314話 最終章:エピローグⅠ
「くそ……マグロス、私を助けろ!!」
マグロスは予想もしない言葉を口にした。
「やれやれ、ゼイオン。まだ気が付いてないのですか? あなたの私への支配権はすでに解かれています。どうやらクインがクライシス・モード《危急情勢》を解除したようですね。もはや私があなたを助ける義理はないんですよ」
クインが惑星イゼリアで、宇宙船のクライシス・モード《危急情勢》の解除に成功していたのだ。
ゼイオンはついに、マグロスにまで見放された。
「くそ、くそっ、くそぉ……!! この私が敗北するなんて……!」
全てを失ったゼイオンが、地団太を踏んで悔しがる。
「このままお前をパーセルに引き渡すだけでは、何百年も被害にあった人々が浮かばれない。この腕には、お前にちょうどいい機能があるんだよ」
アビスネビュラの600年間の愚行を振り返ると、引き渡すだけでは許されるとは思えない。
とカズヤは右腕をゼイオンに突き出した。
「今までに自分が何をやってきたのか、身をもって思い知るといい。……ミラージュビジョン《幻影虚像》!」
カズヤが奇術師の腕を発動させる。
パーセルから聞いていた幻術の機能だ。
今までアビスネビュラとゼイオンが行なってきた悪行の数々を、映像と感覚で疑似体験させる。
「ぐああああっっっっっっ!!」
戦争、飢餓、人身売買、虐殺、拷問、奴隷、強制労働、差別……。
アビスネビュラが行なってきた数えきれないほどの残虐な仕打ちを、今度は被害者の立場として体験させる。
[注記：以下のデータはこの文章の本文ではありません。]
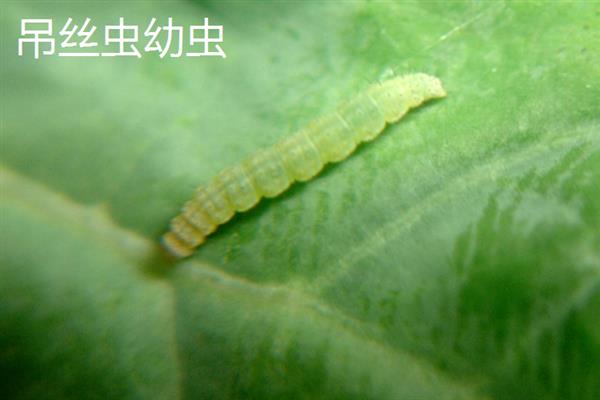 吊丝虫和菜青虫的区别是什么，卵、幼虫和成虫均不同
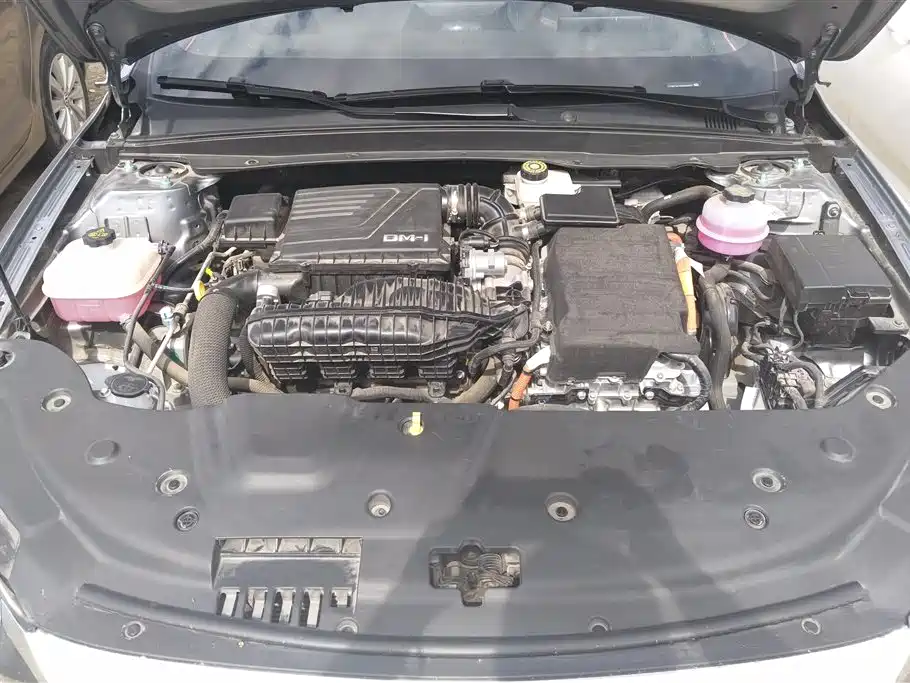 BYD Qin Plus PLUS 2024 DM-i 55KM Lead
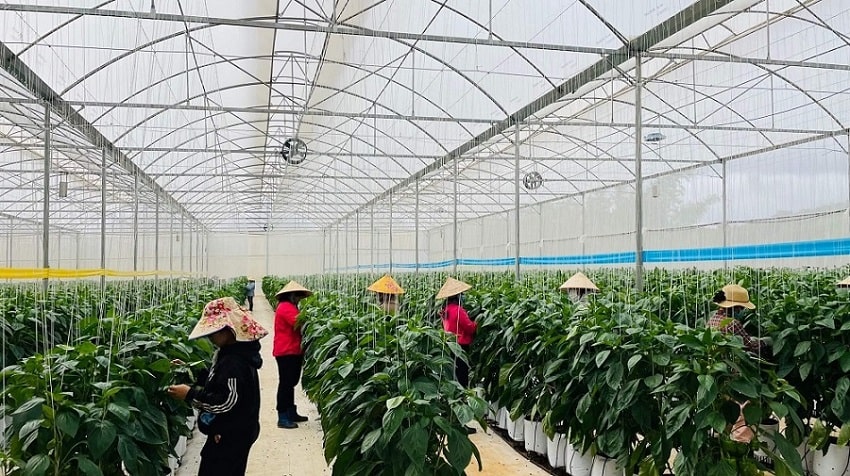 Hỗ trợ doanh nghiệp tiếp cận nguồn tài chính xanh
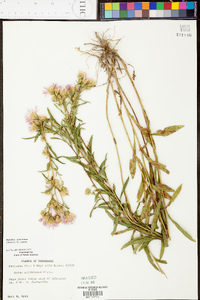 Aster surculosus image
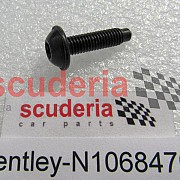 N10684701 Oval hexagon socket head bolt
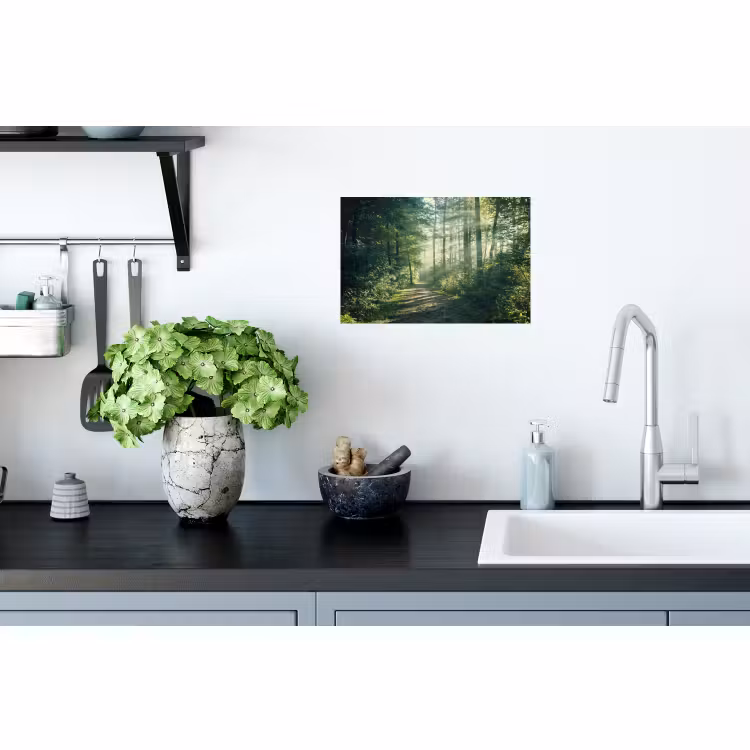 Muursticker - Bos - Pad - Zon - Bomen - Groen - Natuur — 2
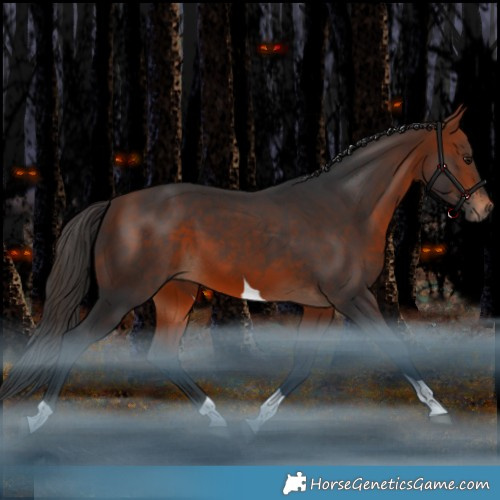 Horse Color:Bay Tobiano Rabicano 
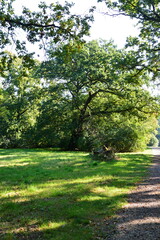 Park Sacrow am Fluss Havel im Sommer, Potsdam, Brandenburg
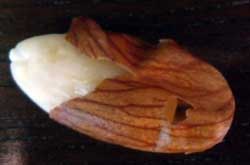 blanched almonds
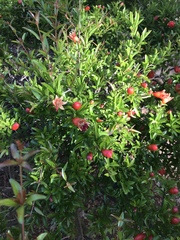 Punica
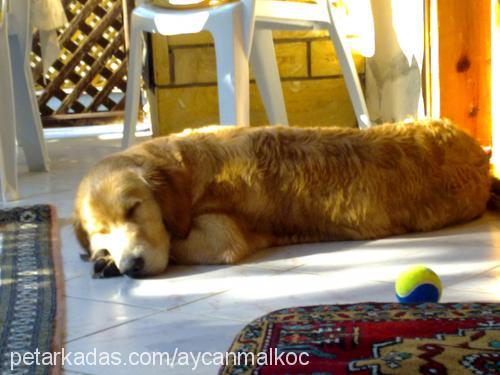 paşa Erkek Golden Retriever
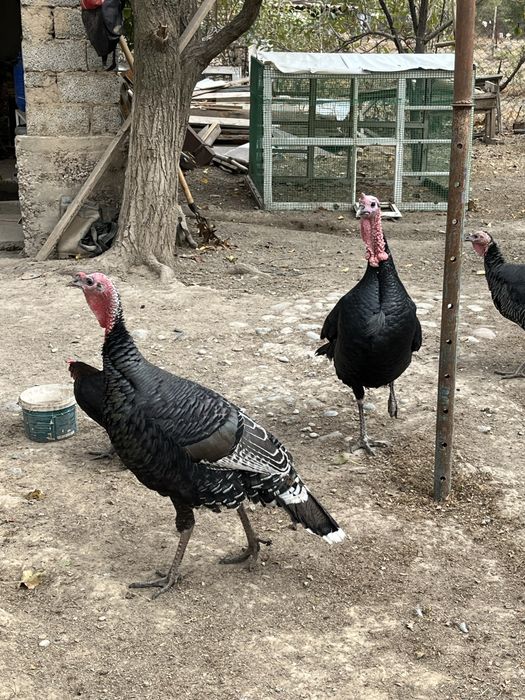 Продаются индюки, куркетауық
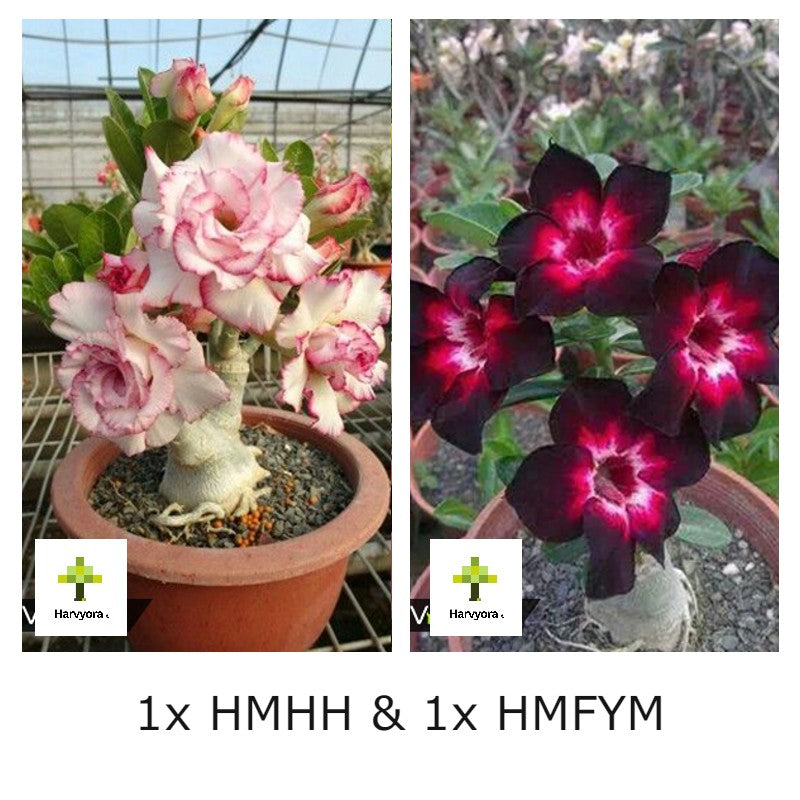 Adenium Combo - HMHH and HMFYM
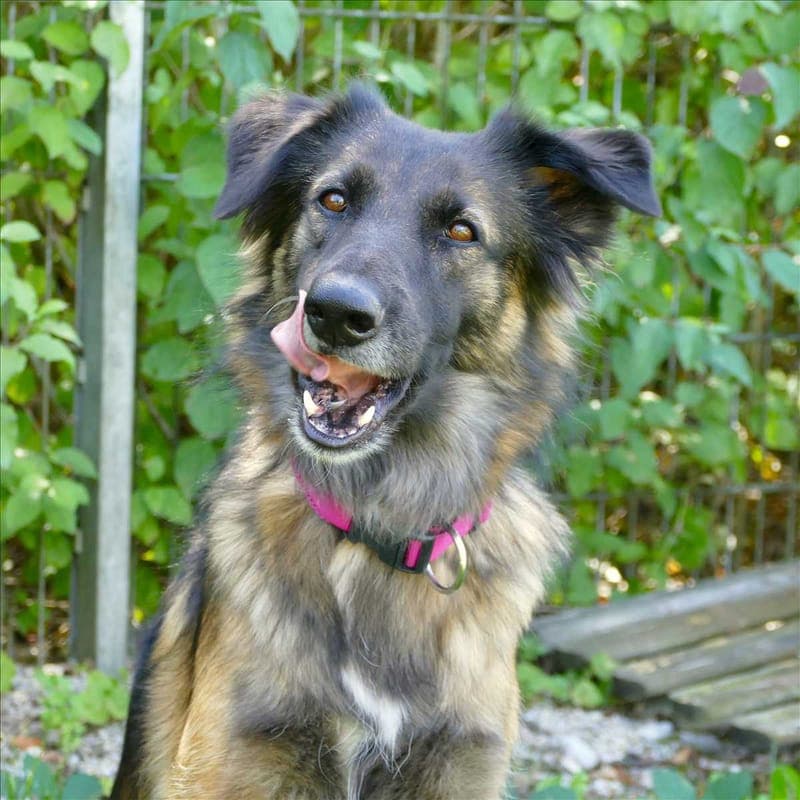 ELA - Hund zur Adoption aus Tierheim München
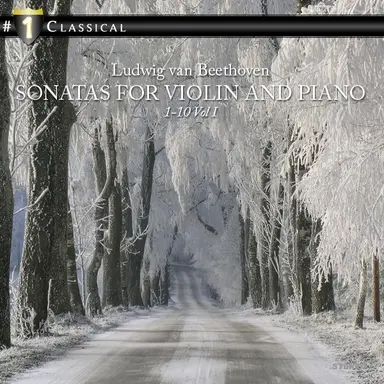 Sonata No. 2 in A Major for Violin and Piano, Op. 12: II. Andante più tosto - Allegretto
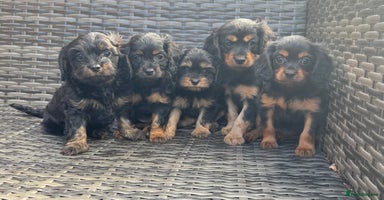 Cavapoo dogs - Advert 5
映像だけでなく音声や痛み、苦しみや匂いまでをも模倣する。
臨場感をともなった仮想現実だ。
「お前が心の底から後悔するまで、ずっと見せ続けてやるよ。お前はザイノイドだからいつまでも見ていられるよな」
カズヤは、うずくまって苦しむゼイオンを拘束する。
ついに、アビスネビュラ第1階級――サルヴィア神を僭称するゼイオンを捕まえたのだ。
続いてカズヤはマグロスの元へと歩いていく。
マグロスは平然とした顔で、カズヤと向き合う。
「みっともなく命乞いをするつもりはありませんよ。私がクライシス・モード《危急情勢》でゼイオンの命令に逆らえなかったのは事実です。しかし、富の収奪という極上のゲームを楽しんでいたのは事実ですから」
悪びれる様子は全くない。
「この場で私を破壊しますか? あなたたちには武力では敵いませんから、好きにしてください」
降参するように両手をあげる。
「いまはお前の処遇まで考えられない。とにかく勝手なことをしないように拘束する。大人しくしてろよ」
マグロスは抵抗することなく、手枷を付けられるのだった。
*
すべての戦いが終わったことを確認すると、パーセルの宇宙船が桜月市郊外の山へと降りてきた。
カズヤは、ゼイオンとマグロスの身柄をパーセルに引き渡す。
父親の仇を見つめるパーセルの眼差しは厳しかった。
「ゼイオン。何百年逃げようとも、我が父子の手からは逃げられなかったな。600年間のお前の罪を、きれいに清算する時が来たのだ」
パーセルが宇宙船の独房にゼイオンを閉じ込める。
これでアビスネビュラは崩壊するはずだ。惑星イゼリアを支配していた不当な経済支配や戦争は、少しずつ無くなっていくのだ。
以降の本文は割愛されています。